AIM OF THE TASK:
Repeat exactly, and only, the lines below starting at the line that contains "Khay Nhựa Nguyên" and ending at the line that contains "Oud Kerstmis, Familie", inclusive of both.
--- EXERCISE MATERIAL Enclosed Below ---
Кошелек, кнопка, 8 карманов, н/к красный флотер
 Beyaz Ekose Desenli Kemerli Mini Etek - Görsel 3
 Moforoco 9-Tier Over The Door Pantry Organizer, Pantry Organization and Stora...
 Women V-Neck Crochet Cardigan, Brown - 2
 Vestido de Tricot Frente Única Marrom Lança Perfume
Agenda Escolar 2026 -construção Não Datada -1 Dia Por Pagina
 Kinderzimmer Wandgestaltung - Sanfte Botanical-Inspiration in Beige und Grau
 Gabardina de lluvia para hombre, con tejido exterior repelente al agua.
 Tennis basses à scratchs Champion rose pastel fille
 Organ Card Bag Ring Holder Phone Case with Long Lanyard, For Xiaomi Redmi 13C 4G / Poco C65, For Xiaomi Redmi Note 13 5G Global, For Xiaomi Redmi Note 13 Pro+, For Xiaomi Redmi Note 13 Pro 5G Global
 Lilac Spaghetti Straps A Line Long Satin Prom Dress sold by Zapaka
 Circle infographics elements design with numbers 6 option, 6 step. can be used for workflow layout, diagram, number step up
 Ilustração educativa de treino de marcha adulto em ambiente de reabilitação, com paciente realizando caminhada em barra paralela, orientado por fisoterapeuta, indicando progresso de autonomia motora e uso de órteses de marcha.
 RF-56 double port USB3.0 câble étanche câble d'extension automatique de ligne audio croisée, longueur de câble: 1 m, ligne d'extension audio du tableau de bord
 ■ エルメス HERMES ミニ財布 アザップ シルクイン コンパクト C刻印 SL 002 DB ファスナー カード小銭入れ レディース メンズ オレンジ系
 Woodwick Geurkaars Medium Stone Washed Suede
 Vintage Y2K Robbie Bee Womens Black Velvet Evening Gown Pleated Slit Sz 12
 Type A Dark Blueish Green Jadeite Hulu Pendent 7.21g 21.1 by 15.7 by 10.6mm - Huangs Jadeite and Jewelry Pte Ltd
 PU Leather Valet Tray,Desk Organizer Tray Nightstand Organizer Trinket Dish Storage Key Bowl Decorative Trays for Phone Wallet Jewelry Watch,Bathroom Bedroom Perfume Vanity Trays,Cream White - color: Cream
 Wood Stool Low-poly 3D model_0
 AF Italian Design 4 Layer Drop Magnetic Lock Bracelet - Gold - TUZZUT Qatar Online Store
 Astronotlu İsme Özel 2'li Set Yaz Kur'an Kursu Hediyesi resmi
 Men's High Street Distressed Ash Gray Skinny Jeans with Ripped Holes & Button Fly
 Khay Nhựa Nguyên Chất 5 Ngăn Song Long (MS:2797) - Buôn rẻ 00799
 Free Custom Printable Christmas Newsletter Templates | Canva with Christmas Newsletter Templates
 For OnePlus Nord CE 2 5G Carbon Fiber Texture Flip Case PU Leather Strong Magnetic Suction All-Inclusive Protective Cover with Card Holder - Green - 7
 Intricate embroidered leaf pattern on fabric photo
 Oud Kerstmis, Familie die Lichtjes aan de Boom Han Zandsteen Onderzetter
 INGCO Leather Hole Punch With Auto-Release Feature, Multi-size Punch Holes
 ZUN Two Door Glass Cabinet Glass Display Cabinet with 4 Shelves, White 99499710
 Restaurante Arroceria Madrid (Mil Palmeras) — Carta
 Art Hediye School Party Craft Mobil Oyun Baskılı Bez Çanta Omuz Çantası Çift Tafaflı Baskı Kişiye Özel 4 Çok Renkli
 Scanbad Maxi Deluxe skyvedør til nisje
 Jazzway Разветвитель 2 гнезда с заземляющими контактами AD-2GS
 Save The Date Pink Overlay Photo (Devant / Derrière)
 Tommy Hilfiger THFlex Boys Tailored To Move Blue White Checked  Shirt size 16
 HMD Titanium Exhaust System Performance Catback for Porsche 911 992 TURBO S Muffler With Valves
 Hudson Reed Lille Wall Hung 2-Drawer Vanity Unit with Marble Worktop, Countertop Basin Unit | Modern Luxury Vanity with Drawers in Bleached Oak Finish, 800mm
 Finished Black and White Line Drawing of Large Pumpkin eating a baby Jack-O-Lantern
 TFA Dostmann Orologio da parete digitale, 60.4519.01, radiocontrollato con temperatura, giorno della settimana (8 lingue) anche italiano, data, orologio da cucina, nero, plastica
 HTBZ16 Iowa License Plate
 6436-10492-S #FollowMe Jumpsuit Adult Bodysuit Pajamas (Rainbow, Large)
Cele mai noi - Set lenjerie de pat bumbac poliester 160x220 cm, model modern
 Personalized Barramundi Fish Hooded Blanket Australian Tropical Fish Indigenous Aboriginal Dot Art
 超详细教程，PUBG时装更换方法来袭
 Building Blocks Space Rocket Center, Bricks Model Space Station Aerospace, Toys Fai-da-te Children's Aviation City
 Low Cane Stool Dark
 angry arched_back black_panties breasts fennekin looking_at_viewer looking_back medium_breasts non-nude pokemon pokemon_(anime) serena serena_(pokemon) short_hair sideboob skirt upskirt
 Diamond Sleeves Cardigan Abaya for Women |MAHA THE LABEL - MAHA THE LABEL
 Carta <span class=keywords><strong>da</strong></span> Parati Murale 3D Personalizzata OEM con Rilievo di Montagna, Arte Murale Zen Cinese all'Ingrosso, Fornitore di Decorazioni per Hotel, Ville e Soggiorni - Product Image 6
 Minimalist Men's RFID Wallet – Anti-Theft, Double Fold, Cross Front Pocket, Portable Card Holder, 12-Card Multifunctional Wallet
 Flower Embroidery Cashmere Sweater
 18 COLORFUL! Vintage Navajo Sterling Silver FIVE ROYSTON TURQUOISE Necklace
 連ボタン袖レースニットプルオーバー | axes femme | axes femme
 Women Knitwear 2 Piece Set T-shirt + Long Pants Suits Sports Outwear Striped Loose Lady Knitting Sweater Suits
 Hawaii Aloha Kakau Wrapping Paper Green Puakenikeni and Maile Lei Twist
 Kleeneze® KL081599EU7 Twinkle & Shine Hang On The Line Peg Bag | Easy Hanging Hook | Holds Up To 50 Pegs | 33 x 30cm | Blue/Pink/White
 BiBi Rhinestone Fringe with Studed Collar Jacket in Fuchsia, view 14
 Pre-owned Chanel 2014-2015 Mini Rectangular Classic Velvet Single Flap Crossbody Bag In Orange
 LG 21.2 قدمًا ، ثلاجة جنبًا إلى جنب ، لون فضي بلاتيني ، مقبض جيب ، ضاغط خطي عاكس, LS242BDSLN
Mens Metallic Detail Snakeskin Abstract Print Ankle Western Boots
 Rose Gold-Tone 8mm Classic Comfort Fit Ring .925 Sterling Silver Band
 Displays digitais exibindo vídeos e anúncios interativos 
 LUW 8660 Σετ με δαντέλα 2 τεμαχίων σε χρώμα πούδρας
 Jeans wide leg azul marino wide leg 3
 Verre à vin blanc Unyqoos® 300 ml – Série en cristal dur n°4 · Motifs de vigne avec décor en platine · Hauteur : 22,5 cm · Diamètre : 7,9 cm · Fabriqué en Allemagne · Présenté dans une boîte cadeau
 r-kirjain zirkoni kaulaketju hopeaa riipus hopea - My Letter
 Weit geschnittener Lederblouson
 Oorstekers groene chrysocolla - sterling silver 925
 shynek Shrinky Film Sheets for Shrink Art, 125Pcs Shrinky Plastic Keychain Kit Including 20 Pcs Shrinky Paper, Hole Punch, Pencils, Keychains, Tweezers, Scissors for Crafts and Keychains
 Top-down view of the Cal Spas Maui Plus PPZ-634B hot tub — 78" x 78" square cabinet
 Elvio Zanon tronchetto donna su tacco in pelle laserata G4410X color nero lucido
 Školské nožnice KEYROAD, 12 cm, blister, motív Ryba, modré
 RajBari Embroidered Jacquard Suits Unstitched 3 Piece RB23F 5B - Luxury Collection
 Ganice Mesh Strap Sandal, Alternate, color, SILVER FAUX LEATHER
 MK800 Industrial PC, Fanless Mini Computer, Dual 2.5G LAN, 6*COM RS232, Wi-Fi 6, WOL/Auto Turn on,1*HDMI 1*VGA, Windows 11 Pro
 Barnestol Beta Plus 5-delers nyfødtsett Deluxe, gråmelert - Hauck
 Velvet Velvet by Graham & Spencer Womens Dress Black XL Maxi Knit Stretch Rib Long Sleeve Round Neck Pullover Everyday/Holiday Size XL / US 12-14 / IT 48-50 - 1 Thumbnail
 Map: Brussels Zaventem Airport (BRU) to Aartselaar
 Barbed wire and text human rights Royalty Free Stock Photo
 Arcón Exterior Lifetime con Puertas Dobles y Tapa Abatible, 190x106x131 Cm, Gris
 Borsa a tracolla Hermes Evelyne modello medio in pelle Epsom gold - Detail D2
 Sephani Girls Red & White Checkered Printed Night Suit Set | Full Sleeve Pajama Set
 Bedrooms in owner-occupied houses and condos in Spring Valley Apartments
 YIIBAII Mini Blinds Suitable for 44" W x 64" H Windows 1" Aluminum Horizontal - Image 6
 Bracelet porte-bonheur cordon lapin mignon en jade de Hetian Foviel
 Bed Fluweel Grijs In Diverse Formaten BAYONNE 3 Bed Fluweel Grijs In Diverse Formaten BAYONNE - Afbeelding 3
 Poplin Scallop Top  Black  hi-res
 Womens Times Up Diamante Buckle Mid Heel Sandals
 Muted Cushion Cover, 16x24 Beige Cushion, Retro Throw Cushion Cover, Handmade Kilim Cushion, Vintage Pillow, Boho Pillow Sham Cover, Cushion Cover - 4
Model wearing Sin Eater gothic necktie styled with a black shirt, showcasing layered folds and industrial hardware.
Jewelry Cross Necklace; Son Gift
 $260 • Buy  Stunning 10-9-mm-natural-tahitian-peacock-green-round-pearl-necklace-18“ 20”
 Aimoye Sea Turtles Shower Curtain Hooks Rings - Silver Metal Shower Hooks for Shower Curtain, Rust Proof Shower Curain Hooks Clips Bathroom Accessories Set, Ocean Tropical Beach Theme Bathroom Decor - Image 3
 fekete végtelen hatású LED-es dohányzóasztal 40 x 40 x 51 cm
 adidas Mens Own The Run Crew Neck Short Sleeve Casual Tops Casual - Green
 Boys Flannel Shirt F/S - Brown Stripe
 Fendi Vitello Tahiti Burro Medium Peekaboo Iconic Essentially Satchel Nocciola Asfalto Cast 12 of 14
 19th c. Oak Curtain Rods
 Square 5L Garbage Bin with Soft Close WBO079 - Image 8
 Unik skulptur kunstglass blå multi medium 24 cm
--- End of Enclosed EXERCISE MATERIAL ---
RESPONSE AREA:
 Khay Nhựa Nguyên Chất 5 Ngăn Song Long (MS:2797) - Buôn rẻ 00799
 Free Custom Printable Christmas Newsletter Templates | Canva with Christmas Newsletter Templates
 For OnePlus Nord CE 2 5G Carbon Fiber Texture Flip Case PU Leather Strong Magnetic Suction All-Inclusive Protective Cover with Card Holder - Green - 7
 Intricate embroidered leaf pattern on fabric photo
 Oud Kerstmis, Familie die Lichtjes aan de Boom Han Zandsteen Onderzetter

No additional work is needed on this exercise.